Brief: In the records below, find the line with "My favorite way" and repeat exactly every line from it through the line with "Hello and welcome.". Pictures stay out.

Saved entries:
——
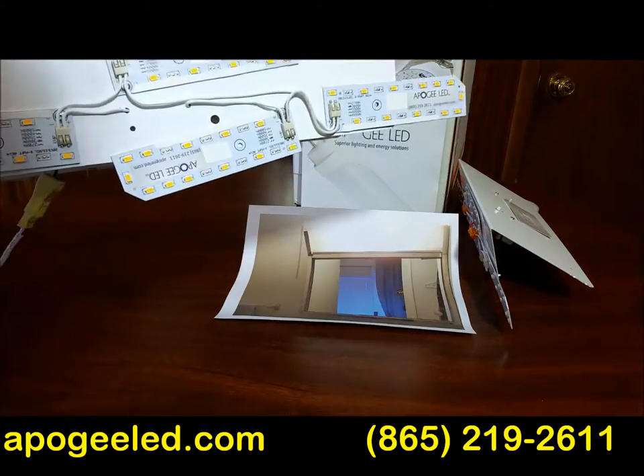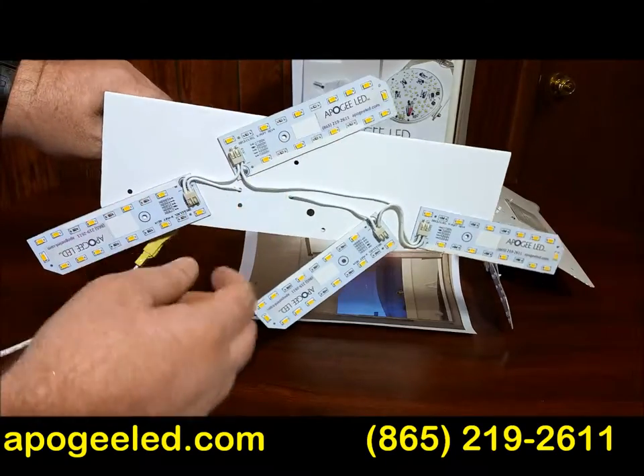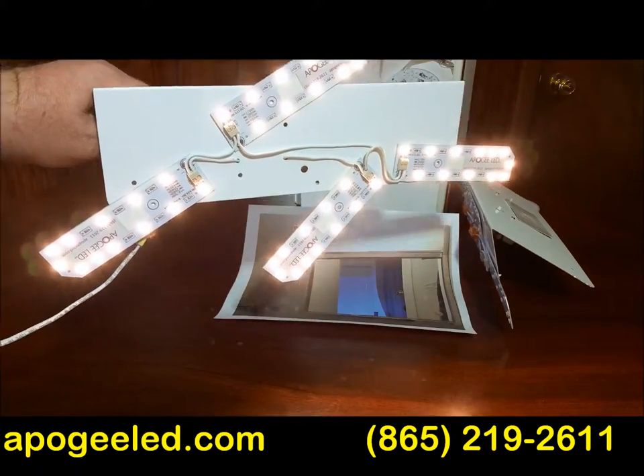It comes like this, but if you need to adapt the light to meet your specific needs, no problem — you can move the panels around. And it pumps out a ton of light, too. Easy to mount, easy to use.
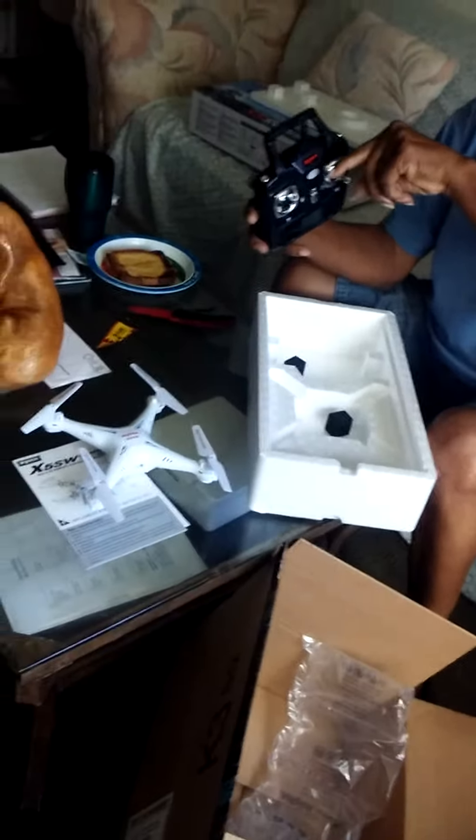Got two little plugs here. That's it for ya. Well, it didn't come with the camera. I don't see no camera. So I guess the camera comes separate — there ain't no camera in here.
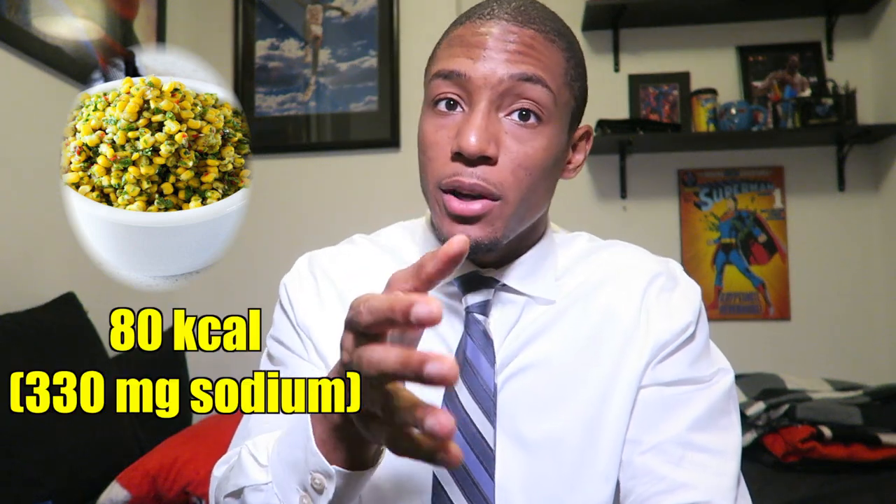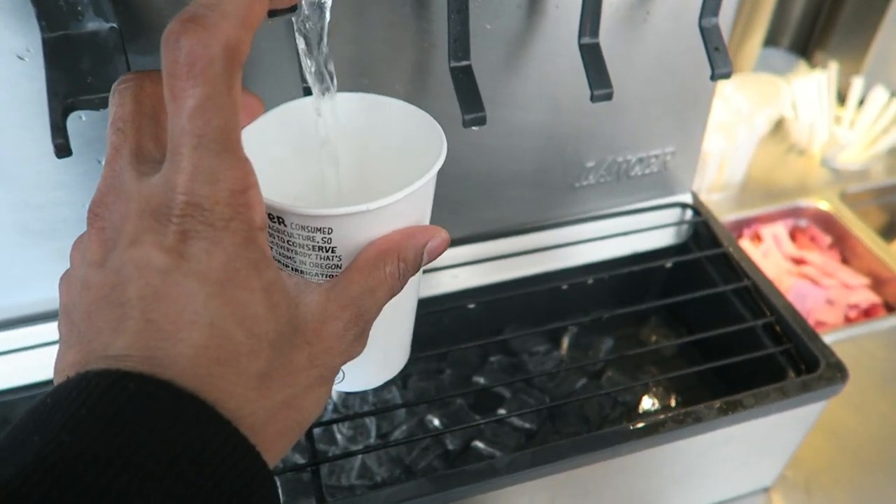The corn is optional. It is around 80 calories but has 330 milligrams of sodium. It is a good source of carbs and vitamin C, but you have to be aware of the sodium content. Stay hydrated, my friends.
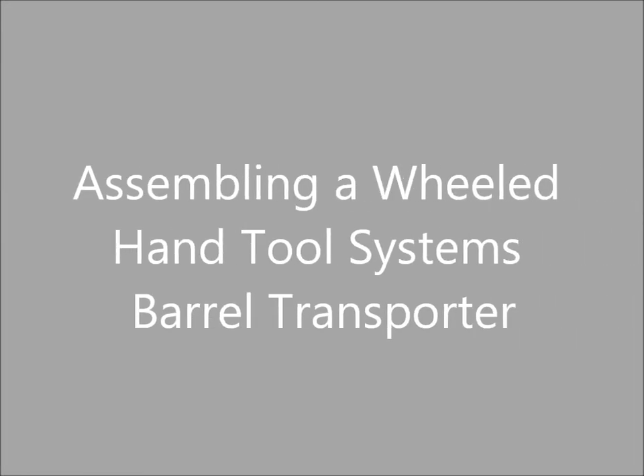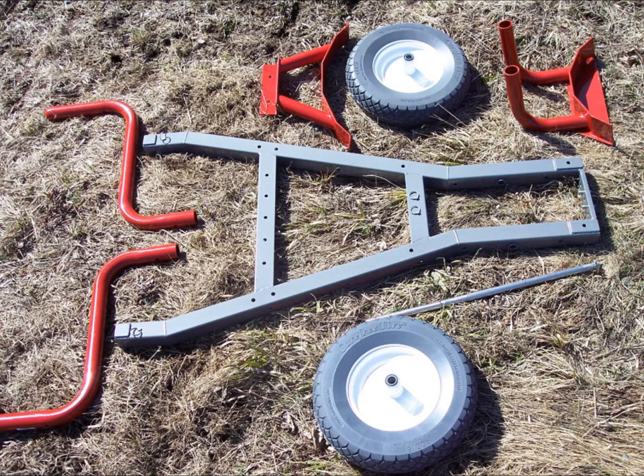Assembling a wheeled hand tool system's barrel transporter. A Watts barrel transporter can be quickly assembled without tools from one universal frame, two high handles, one stainless steel axle, two flat proof wheels, one barrel front support and one barrel middle support.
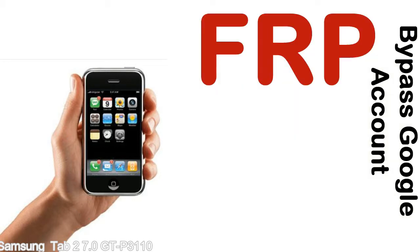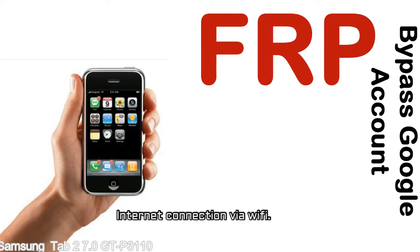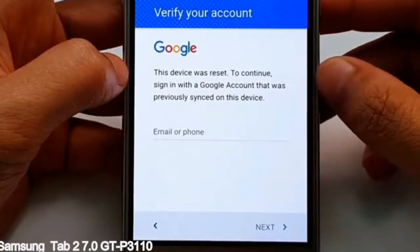Before starting: 1. Make sure that your device is well charged. Ideally, the battery level should be around 60 to 70% — the more the better. 2. Internet connection via WiFi. Here is a step-by-step guide on how to bypass Google account on your Samsung Galaxy device.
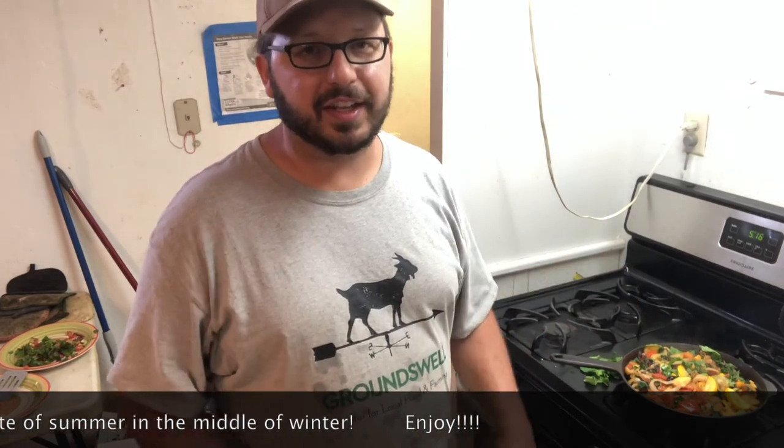Thanks for watching. Let me know what other videos you'd like me to make in the future. I love cooking — I'm going to do more of these. Cheers!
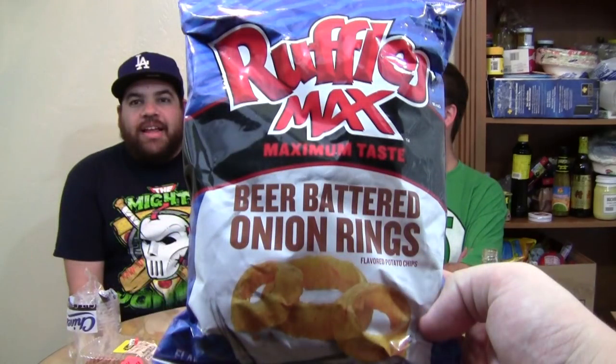Go, go, go! Ready, set, go! Alright, what are we trying today? Today we're trying Ruffles Mac's beer battered onion rings. Ooh, that sounds really good. I don't like onion rings, so this should be interesting.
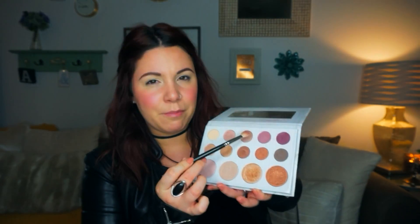My favorite way to make sure that everything is blended out is to start with the lightest color and work it into your crease. That way anything you add on top of that, you have a foundation where it won't look like such a harsh line. So I'm going to take this lighter matte shade on the top.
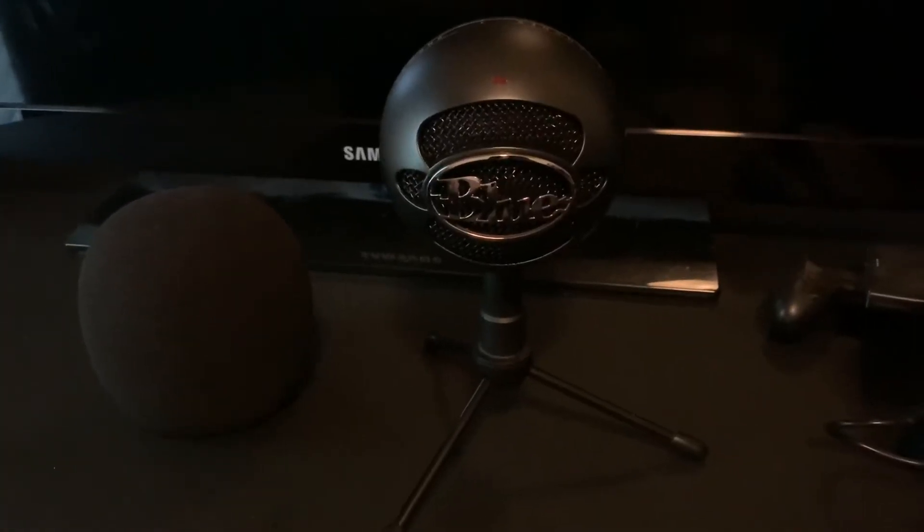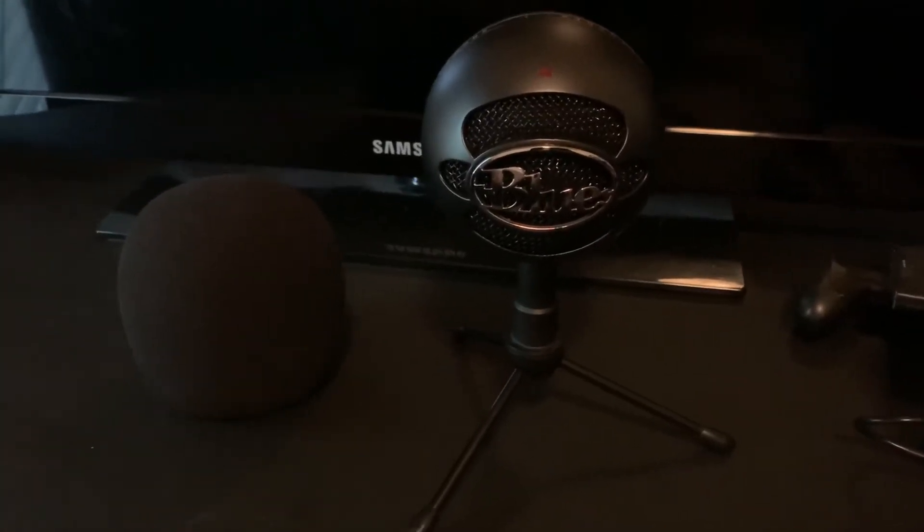Hello and welcome. Let's talk about the Blue Snowball microphone. The microphone costs $49.99. I have the Blue Snowball USB microphone and I also have a foam cover for it.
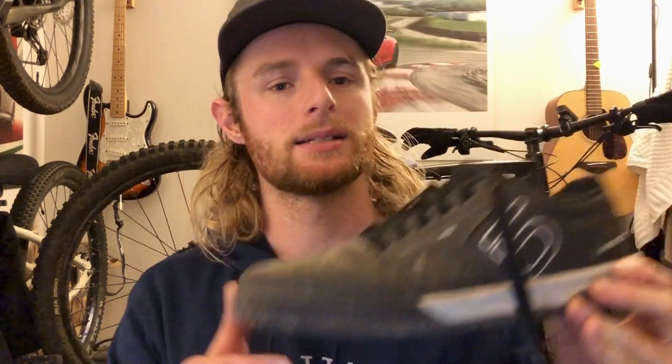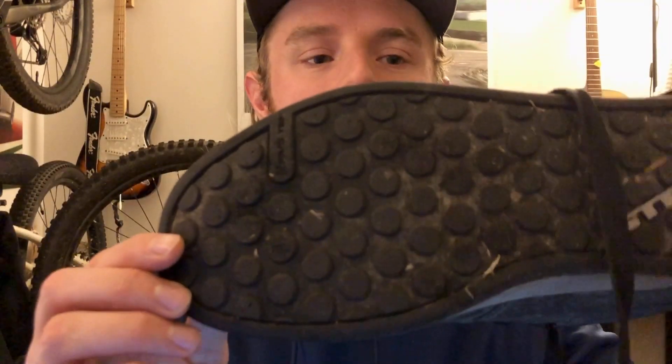Today on Short Reviews with Seth, we're talking about the 510 Freerider Pro Mountain Bike Shoe. This is made for platform pedals, so it doesn't have those obnoxious cleats in the bottom.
——
Solution to the exercise:
My favorite way to make sure that everything is blended out is to start with the lightest color and work it into your crease. That way anything you add on top of that, you have a foundation where it won't look like such a harsh line. So I'm going to take this lighter matte shade on the top.
Hello and welcome. Let's talk about the Blue Snowball microphone. The microphone costs $49.99. I have the Blue Snowball USB microphone and I also have a foam cover for it.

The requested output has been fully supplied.